Rahm Emanuel plays into the hands of the fanatics
Rahm Emanuel's speech in Tel Aviv was not directed at Israel, but at the U.S. Democratic electorate. Behind his criticism of the Jewish state, the author sees a political maneuver that reflects the extent to which the Israeli issue has become a litmus test of loyalty within a Democratic Party increasingly influenced by its radical wing.

File photo of the Israeli flag
On July 8, Rahm Emanuel took the stage at Tel Aviv University to tell Israel that it has become a "territorial pariah." Days later, with the media coverage it generated already making waves in Washington, the move reveals with complete clarity where the Democratic Party has drifted: even its "moderate" wing needs, in order to survive, to join the chorus that treats Israel as the world's problem.

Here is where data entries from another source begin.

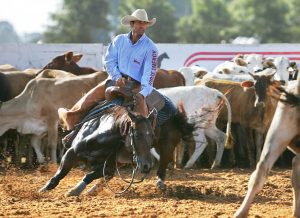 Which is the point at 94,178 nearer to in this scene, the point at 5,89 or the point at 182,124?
the point at 182,124

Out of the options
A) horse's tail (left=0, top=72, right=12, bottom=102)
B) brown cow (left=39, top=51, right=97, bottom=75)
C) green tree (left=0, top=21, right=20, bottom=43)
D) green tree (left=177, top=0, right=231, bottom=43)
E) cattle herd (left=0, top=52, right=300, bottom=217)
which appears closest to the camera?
cattle herd (left=0, top=52, right=300, bottom=217)

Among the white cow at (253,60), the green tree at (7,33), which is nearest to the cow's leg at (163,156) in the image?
the white cow at (253,60)

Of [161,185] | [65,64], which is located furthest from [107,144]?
[65,64]

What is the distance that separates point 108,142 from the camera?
9.52 meters

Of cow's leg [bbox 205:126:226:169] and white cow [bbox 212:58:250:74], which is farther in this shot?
white cow [bbox 212:58:250:74]

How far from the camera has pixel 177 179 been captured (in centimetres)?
1267

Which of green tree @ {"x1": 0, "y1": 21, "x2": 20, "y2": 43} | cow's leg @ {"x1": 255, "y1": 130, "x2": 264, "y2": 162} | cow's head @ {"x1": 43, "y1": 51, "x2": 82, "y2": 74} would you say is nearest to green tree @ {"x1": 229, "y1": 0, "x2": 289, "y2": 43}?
green tree @ {"x1": 0, "y1": 21, "x2": 20, "y2": 43}

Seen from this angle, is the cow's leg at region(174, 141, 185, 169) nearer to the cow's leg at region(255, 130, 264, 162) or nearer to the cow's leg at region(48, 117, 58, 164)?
the cow's leg at region(255, 130, 264, 162)

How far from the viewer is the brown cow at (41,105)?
15719mm

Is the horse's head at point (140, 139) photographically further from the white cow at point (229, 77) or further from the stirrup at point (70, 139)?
the white cow at point (229, 77)

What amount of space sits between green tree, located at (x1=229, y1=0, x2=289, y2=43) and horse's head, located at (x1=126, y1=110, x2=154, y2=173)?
1929 inches

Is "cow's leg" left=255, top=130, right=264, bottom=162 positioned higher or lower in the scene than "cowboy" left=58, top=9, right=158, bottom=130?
lower

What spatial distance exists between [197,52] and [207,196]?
1007 cm

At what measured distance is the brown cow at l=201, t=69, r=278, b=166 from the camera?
51.0 feet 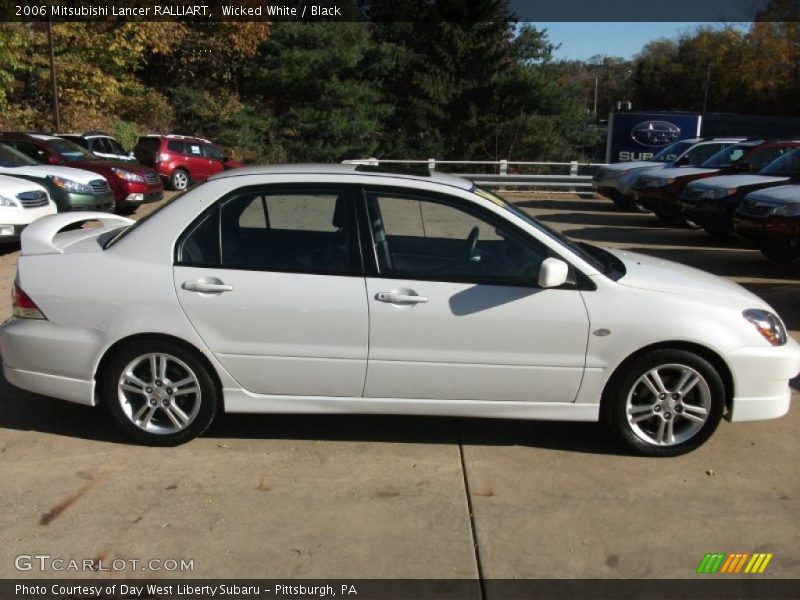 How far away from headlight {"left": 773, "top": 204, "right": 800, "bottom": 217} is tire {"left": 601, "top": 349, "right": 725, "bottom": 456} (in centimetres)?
603

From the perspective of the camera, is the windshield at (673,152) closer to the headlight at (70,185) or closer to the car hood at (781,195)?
the car hood at (781,195)

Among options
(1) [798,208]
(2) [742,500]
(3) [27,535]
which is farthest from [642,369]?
(1) [798,208]

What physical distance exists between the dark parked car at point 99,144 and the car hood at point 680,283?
50.1 feet

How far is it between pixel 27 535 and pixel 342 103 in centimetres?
3133

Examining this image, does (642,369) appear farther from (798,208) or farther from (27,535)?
(798,208)

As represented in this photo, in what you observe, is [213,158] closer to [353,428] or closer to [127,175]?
[127,175]

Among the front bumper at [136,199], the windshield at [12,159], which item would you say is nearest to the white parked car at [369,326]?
the windshield at [12,159]

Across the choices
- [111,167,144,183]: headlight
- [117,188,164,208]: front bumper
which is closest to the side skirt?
[117,188,164,208]: front bumper

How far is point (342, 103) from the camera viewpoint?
33.6 meters

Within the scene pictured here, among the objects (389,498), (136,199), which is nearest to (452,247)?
(389,498)

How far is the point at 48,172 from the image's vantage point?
42.3 feet

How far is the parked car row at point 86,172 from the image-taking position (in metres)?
10.9

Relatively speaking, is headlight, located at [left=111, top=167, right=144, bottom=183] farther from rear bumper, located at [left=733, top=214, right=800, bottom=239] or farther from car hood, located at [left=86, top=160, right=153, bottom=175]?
rear bumper, located at [left=733, top=214, right=800, bottom=239]

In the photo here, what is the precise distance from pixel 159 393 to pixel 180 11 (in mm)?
30808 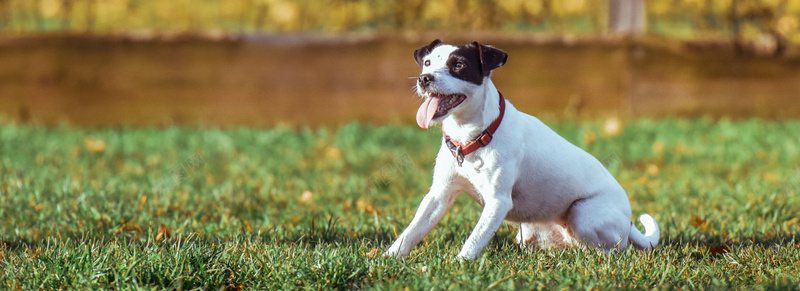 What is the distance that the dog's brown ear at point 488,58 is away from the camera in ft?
10.0

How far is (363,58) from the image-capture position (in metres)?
7.55

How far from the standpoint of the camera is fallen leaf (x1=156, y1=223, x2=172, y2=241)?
3.67 m

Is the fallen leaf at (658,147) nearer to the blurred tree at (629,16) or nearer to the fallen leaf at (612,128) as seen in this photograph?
the fallen leaf at (612,128)

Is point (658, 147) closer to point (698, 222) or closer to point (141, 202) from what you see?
point (698, 222)

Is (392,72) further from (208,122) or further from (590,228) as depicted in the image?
(590,228)

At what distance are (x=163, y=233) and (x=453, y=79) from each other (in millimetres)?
1565

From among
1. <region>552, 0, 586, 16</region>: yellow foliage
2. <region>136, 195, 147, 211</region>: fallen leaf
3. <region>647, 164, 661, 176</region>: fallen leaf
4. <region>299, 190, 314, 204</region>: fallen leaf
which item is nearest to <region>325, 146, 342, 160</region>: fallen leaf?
<region>299, 190, 314, 204</region>: fallen leaf

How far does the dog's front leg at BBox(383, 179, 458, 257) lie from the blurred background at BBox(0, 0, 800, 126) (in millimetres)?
4198

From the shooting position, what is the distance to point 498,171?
10.3ft

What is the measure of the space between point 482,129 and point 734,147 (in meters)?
4.01

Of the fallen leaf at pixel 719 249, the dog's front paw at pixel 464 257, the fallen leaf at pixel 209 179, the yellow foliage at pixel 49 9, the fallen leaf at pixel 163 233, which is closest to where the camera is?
the dog's front paw at pixel 464 257

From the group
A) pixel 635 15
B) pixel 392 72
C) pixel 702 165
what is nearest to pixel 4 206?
pixel 392 72

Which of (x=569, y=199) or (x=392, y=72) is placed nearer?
(x=569, y=199)

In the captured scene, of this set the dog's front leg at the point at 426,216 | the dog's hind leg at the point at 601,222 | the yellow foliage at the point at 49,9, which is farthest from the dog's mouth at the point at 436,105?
the yellow foliage at the point at 49,9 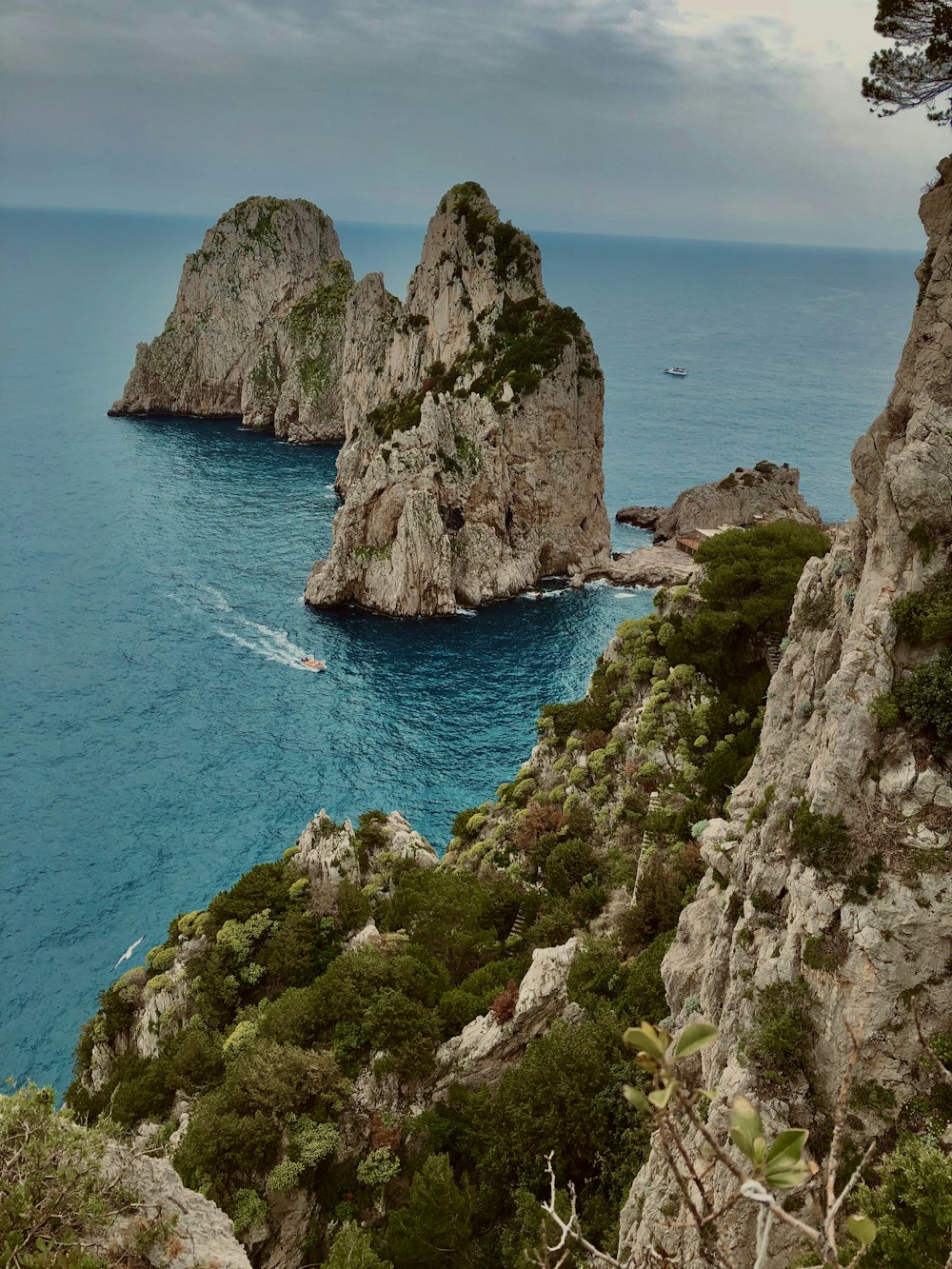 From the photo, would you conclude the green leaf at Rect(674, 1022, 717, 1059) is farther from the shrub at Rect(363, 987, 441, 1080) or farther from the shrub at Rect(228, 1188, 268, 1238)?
the shrub at Rect(363, 987, 441, 1080)

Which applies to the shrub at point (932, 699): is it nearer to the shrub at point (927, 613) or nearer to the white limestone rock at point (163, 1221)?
the shrub at point (927, 613)

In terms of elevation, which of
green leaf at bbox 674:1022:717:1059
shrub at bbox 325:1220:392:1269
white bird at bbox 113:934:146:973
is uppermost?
green leaf at bbox 674:1022:717:1059

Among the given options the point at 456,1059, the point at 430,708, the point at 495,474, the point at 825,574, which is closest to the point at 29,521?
the point at 495,474

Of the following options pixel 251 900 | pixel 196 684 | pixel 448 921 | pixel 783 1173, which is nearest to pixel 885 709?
pixel 783 1173

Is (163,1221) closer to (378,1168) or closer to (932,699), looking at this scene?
(378,1168)

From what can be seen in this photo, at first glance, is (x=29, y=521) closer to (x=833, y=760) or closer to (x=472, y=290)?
(x=472, y=290)

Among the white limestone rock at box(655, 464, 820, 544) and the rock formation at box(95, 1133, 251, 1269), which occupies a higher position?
the white limestone rock at box(655, 464, 820, 544)

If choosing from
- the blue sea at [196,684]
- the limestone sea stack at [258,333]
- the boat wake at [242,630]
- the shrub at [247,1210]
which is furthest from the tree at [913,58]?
the limestone sea stack at [258,333]

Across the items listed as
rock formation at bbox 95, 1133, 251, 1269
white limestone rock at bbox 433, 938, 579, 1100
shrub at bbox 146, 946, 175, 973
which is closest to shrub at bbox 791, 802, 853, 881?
rock formation at bbox 95, 1133, 251, 1269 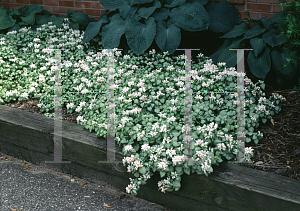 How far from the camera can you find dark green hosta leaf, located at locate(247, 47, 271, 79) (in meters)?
2.76

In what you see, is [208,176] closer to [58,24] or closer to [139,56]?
[139,56]

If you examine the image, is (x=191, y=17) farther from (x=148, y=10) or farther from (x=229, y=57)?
(x=229, y=57)

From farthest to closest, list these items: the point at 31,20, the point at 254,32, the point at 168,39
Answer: the point at 31,20
the point at 168,39
the point at 254,32

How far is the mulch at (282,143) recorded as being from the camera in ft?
6.33

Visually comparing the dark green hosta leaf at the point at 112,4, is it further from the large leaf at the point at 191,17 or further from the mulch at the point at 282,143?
the mulch at the point at 282,143

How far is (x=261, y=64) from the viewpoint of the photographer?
2.79 m

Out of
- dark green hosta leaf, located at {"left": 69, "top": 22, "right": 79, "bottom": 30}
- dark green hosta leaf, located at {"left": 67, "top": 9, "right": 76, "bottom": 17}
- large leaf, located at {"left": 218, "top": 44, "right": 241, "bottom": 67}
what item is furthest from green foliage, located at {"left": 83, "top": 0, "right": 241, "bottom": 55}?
dark green hosta leaf, located at {"left": 67, "top": 9, "right": 76, "bottom": 17}

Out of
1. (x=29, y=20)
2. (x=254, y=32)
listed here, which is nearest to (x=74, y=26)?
(x=29, y=20)

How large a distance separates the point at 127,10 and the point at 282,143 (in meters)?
2.28

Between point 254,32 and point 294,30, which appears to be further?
point 254,32

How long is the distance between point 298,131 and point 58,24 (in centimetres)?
347

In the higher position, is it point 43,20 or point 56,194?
point 43,20

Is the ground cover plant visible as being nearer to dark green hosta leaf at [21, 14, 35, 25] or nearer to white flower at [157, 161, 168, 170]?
white flower at [157, 161, 168, 170]

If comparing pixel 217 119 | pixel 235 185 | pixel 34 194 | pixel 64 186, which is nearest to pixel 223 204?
pixel 235 185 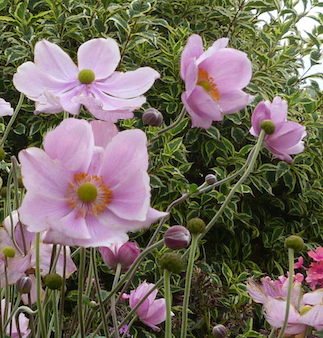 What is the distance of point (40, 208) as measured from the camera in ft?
1.27

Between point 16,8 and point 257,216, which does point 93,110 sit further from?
point 257,216

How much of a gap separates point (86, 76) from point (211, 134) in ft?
4.43

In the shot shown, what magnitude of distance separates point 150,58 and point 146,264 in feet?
2.80

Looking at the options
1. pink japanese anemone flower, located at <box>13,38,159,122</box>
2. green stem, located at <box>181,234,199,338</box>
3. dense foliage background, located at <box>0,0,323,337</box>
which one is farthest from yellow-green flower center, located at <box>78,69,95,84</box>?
dense foliage background, located at <box>0,0,323,337</box>

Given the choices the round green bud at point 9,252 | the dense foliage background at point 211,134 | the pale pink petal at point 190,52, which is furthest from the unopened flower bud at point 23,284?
the dense foliage background at point 211,134

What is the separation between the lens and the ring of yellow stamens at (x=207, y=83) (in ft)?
1.65

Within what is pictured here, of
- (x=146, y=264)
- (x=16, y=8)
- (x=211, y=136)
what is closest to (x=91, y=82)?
(x=146, y=264)

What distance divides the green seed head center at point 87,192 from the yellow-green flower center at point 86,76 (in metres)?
0.17

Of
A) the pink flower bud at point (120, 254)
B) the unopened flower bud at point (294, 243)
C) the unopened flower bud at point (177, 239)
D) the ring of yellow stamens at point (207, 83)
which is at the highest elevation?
the ring of yellow stamens at point (207, 83)

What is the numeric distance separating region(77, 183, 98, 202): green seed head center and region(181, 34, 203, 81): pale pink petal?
0.15 metres

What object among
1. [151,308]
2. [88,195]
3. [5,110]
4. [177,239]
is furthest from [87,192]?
[151,308]

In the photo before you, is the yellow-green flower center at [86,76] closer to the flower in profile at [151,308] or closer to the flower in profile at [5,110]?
the flower in profile at [5,110]

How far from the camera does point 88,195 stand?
0.42 metres

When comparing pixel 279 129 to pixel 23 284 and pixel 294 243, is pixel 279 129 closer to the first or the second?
pixel 294 243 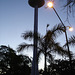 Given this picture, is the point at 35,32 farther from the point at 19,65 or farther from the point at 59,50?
the point at 19,65

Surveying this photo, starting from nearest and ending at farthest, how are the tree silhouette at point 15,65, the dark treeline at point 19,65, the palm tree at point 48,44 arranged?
the palm tree at point 48,44 < the dark treeline at point 19,65 < the tree silhouette at point 15,65

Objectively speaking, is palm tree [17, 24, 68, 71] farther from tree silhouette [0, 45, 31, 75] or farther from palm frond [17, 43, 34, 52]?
tree silhouette [0, 45, 31, 75]

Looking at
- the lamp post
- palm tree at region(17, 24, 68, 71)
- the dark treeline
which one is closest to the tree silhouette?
the dark treeline

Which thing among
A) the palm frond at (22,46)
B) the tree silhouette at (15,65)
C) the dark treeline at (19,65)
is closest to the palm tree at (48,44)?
the palm frond at (22,46)

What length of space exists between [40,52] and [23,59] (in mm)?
11304

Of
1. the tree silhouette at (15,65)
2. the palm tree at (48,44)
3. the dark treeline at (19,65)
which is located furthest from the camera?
the tree silhouette at (15,65)

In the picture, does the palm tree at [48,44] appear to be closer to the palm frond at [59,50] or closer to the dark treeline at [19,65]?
the palm frond at [59,50]

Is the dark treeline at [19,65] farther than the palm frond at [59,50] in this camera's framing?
Yes

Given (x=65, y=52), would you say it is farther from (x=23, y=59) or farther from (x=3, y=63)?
(x=3, y=63)

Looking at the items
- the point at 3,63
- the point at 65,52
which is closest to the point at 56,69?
the point at 65,52

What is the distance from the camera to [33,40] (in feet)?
26.7

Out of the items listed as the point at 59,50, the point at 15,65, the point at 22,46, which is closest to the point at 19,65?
the point at 15,65

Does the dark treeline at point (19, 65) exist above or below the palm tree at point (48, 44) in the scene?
below

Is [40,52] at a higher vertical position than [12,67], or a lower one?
higher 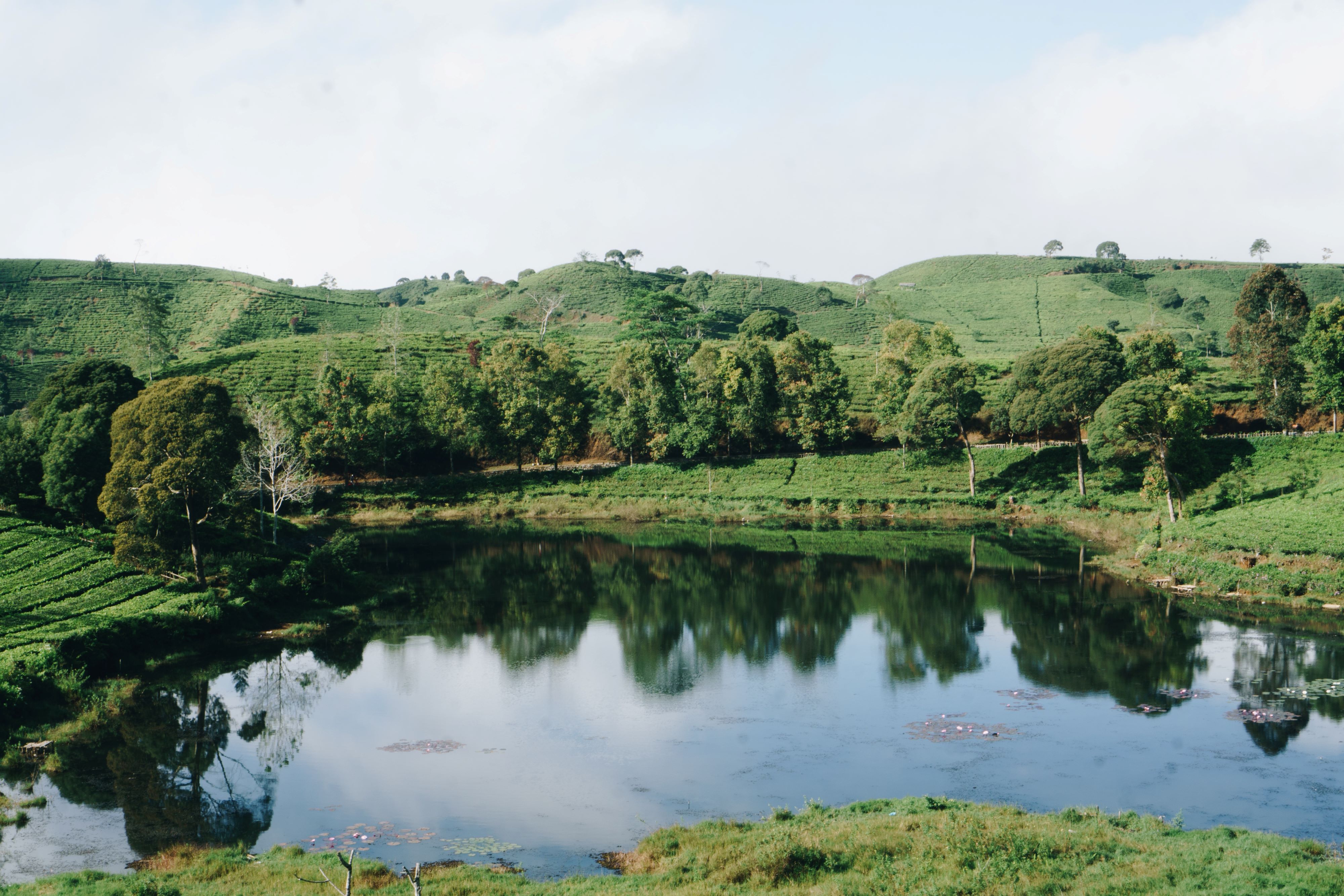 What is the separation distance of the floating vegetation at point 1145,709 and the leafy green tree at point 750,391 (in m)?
49.9

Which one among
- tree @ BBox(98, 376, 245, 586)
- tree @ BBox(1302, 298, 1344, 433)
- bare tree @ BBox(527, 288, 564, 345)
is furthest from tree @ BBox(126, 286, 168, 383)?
tree @ BBox(1302, 298, 1344, 433)

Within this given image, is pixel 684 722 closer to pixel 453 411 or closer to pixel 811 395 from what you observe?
pixel 811 395

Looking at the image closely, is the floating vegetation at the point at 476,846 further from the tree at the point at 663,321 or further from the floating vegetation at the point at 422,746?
the tree at the point at 663,321

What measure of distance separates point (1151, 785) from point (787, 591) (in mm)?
24311

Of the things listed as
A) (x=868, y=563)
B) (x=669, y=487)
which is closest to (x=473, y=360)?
(x=669, y=487)

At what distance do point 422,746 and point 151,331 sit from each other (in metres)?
87.2

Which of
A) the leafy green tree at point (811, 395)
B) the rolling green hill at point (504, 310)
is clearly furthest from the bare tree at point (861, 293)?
the leafy green tree at point (811, 395)

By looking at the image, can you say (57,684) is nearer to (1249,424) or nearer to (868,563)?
(868,563)

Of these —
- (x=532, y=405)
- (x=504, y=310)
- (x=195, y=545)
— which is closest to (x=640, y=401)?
(x=532, y=405)

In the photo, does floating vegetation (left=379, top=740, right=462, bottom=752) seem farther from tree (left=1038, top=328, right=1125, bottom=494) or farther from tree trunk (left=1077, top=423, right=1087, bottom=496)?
tree (left=1038, top=328, right=1125, bottom=494)

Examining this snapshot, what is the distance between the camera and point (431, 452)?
84938mm

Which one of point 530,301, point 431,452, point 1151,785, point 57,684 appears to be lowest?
point 1151,785

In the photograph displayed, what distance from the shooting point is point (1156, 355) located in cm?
7581

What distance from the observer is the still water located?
2198 cm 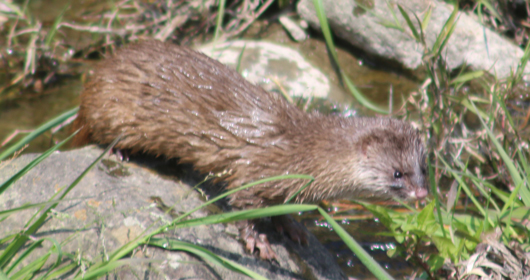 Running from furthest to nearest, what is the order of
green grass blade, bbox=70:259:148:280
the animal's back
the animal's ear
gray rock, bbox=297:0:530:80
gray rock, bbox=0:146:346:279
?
gray rock, bbox=297:0:530:80 < the animal's back < the animal's ear < gray rock, bbox=0:146:346:279 < green grass blade, bbox=70:259:148:280

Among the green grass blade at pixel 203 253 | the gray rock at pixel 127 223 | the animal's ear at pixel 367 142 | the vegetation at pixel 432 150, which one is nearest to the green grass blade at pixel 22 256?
the vegetation at pixel 432 150

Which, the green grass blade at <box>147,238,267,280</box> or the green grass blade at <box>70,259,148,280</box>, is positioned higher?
the green grass blade at <box>70,259,148,280</box>

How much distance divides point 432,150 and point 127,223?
2.48m

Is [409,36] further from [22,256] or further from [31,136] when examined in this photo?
[22,256]

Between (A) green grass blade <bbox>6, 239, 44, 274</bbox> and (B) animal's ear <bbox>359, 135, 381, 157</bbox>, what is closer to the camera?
(A) green grass blade <bbox>6, 239, 44, 274</bbox>

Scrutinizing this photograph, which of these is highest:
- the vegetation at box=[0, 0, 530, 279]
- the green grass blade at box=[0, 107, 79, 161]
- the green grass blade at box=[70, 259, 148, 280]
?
the green grass blade at box=[0, 107, 79, 161]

Let's start with the obvious: Emanuel had no need to deliver that speech in Israel. No one in Jerusalem was expecting it, no one in Tel Aviv needed it and the Israeli press, busy at the time with the NATO summit in Turkey and growing tensions with Iran, barely noted his visit. But a day before he spoke, it was already known what he was going to say, his press agent did his job well… The Washington Post, The New York Times, CNN and the rest of the U.S. mainstream media, all amplifying a man who doesn't even appear in the early polls for 2028, while other candidates with far more real traction struggle to get a fraction of that coverage.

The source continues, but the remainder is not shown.